It performs poorly when:
- The linking pages have been abandoned.
- The original content contains research you cannot reproduce.
- Your proposed page is only loosely related.
- You target low-quality sites based only on authority metrics.
- You send generic outreach to hundreds of unrelated contacts.
- You pitch a commercial homepage in place of an informational resource.
Broken link building should therefore be treated as a qualification and content-matching system, not merely an email outreach tactic.
Is broken link building safe for SEO?
Broken link building can be a legitimate editorial link acquisition method when you offer a useful replacement and leave the final decision to the publisher.
The risk arises when the campaign involves payment for ranking links, excessive reciprocal linking, automated spam, misleading claims, or irrelevant replacements. Google’s spam policies prohibit practices designed primarily to manipulate rankings.
Follow these principles:
- Do not pay an editor to disguise a promotional link as an organic correction.
- Do not require a reciprocal backlink.
- Do not use fabricated statistics or expertise.
- Do not copy the dead page.
- Do not misrepresent your relationship with the original publisher.
- Do not suggest a page that fails to satisfy the original link’s purpose.
- Do not use automated emails that falsely imply you reviewed the page.
A useful editorial replacement should make sense even if search engines did not exist.
For a broader explanation of safe backlink acquisition, read Outreach Club’s guide to SEO link building and content marketing.
Broken link building versus related strategies
| Strategy | Opportunity | What you offer | Typical target |
|---|---|---|---|
| Broken link building | A third-party link points to an unavailable resource | A working replacement | Editors, bloggers and resource-page owners |
| Link reclamation | A backlink to your site has been lost or points to an old URL | A corrected URL or redirect | Websites already familiar with your brand |
| Unlinked mention outreach | A website mentions your company without linking | A helpful destination for readers | Publishers mentioning your brand |
| Resource-page outreach | A curated page could include your content | A relevant additional resource | Libraries, associations and educational pages |
| Skyscraper outreach | A page links to content you believe you have improved | A more comprehensive alternative | Publishers linking to competing content |
| Guest posting | Another website needs original content | A new article written for its audience | Blogs and industry publications |
Broken link building often has a clearer reason for contact than ordinary resource outreach, but it still succeeds or fails based on the quality of the proposed replacement.
What counts as a broken link?
A broken link is a hyperlink that no longer takes the user to its intended resource.
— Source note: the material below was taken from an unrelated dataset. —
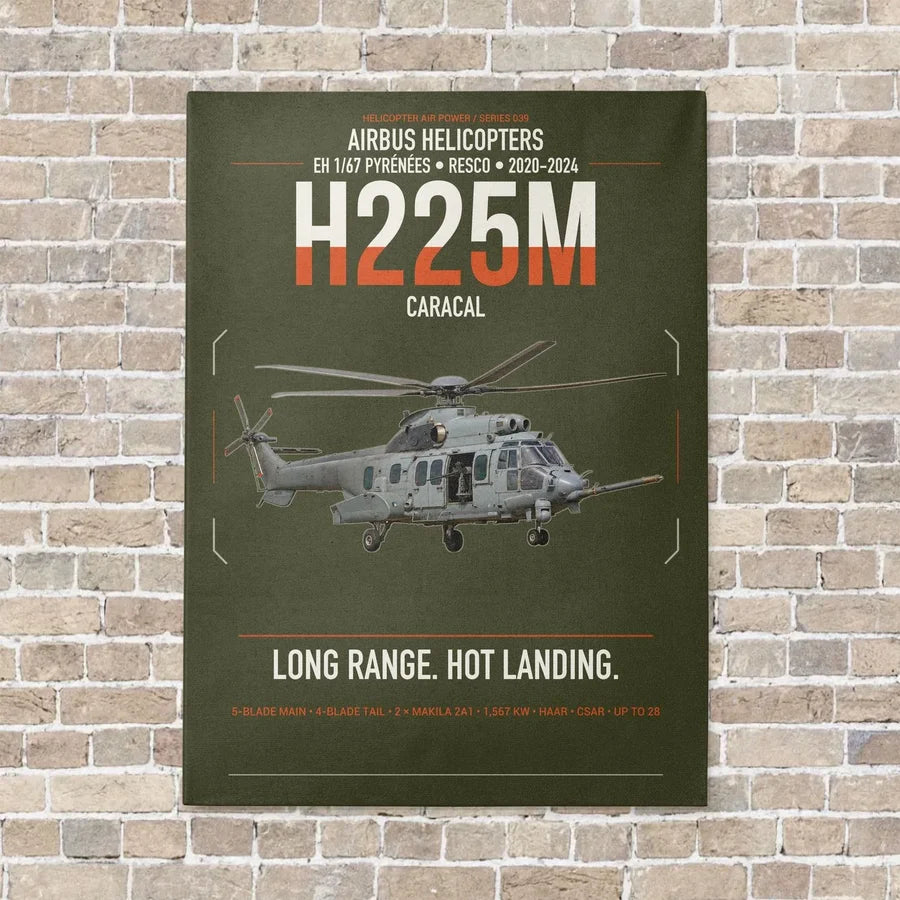 Airbus Helicopters H225M Caracal vertical canvas print - no frame - green army background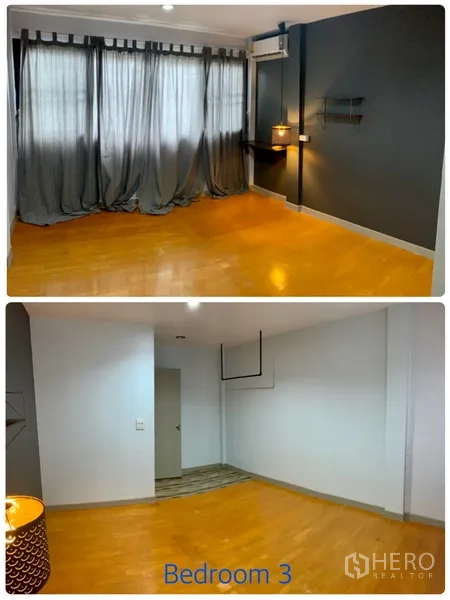 联排别墅 出租在Watthana, Bangkok - 第三卧室，灰色特色墙，纱帘与木地板。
However, not every unusual HTTP response represents a viable broken link opportunity.
404 Not Found
A 404 indicates that the server cannot find the requested resource. It is the most common status used in broken link campaigns.
A 404 is a strong prospect when:
- It has remained unavailable across multiple checks.
- The domain is still active.
- The previous content can be identified.
- Relevant websites continue to link to it.
- No equivalent replacement already exists on the original domain.
410 Gone
A 410 indicates that the resource was intentionally removed. It can be an especially clear opportunity because the publisher is explicitly indicating that the content is gone.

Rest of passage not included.